Regardless, in this moment I have found myself completely baffled by the beauty of a poem. Something I didn’t ever even notice the first time I read it. The work in question? “A Servant to Servants” by Robert Frost. Yes, that Robert Frost, the two-roads-diverged-in-a-yellow-wood-and-I guy, the poem misunderstood by English teachers and their kids across America.

Oh, don’t make that face at me. You’re telling me you didn’t know that you misunderstood the whole point to “The Road not Taken.” Okay, but we gotta do this real quick because I want to talk about “A Servant to Servants.”

So, most people read “The Road not Taken,” as a sort of praise of striking out and doing things “your own way” right? How taking a rarer path can lead to a better more satisfied life? Well. That’s really not what Frost is going for. But don’t worry you’re not the only one who got it wrong.

Robert Frost was good friends with Edward Thomas, a writer and poet of his own merit.

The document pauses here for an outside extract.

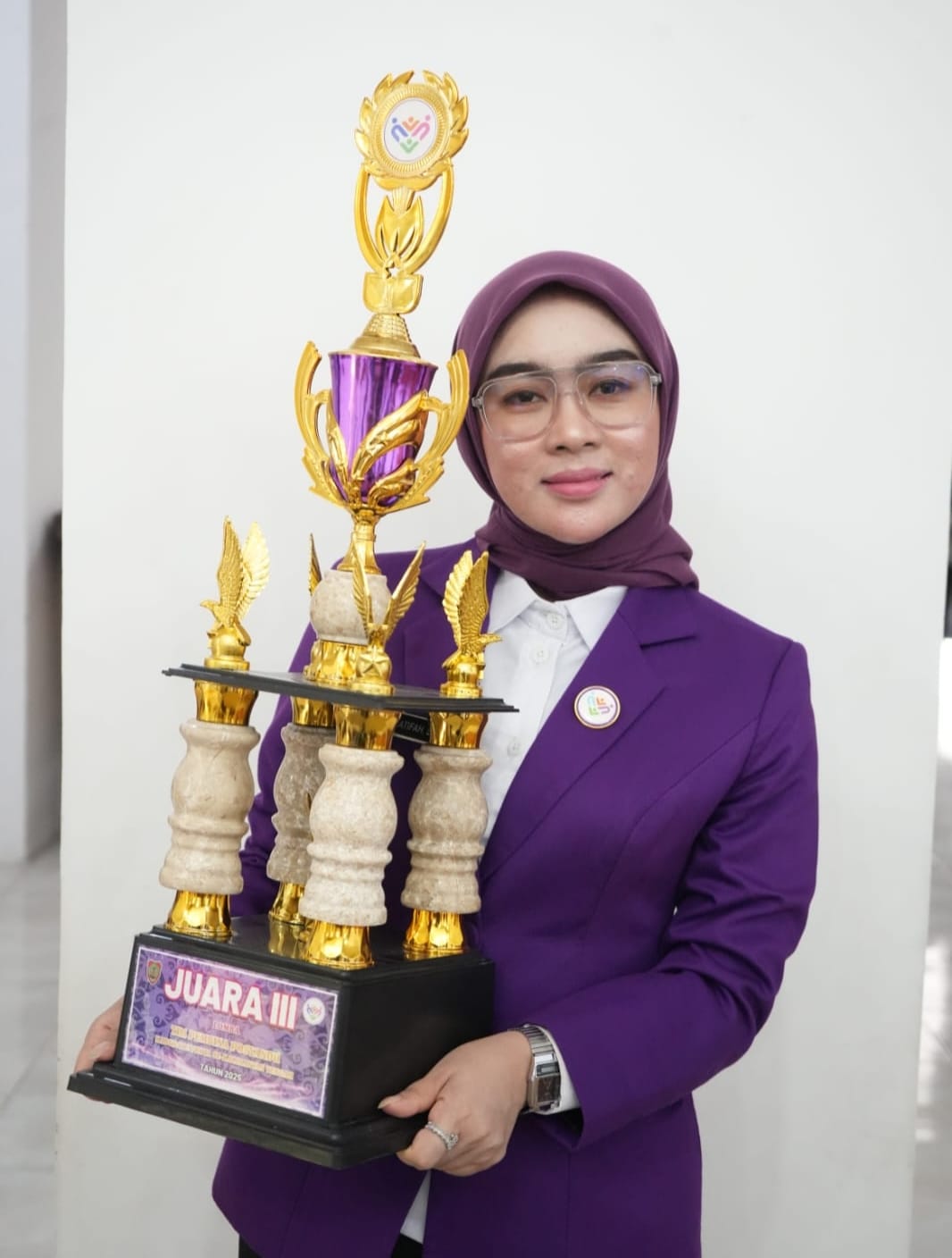 Ketua Tim Pembina Posyandu Kabupaten Lamandau Norol Latifah Rizky Aditya Putra saat menerima piala juara III di Palangkaraya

Unfortunately, Thomas isn’t as famous for his works today as he is for his relationship with Frost. Which is sad, because a lot of his work is hauntingly beautiful (plus, he sort of kickstarted Frost’s whole career).

Frost and Thomas used to take walks together in the woods of England, and whenever they came to a fork in the road, Thomas would hem-and-haw about which path they should take. Frost felt like the paths often ended up in the exact same place, or at the very least took them on a similar trip, and would lament at how indecisive Thomas was when it came to something so pointless.

Which, to be honest, I relate to both people in this argument.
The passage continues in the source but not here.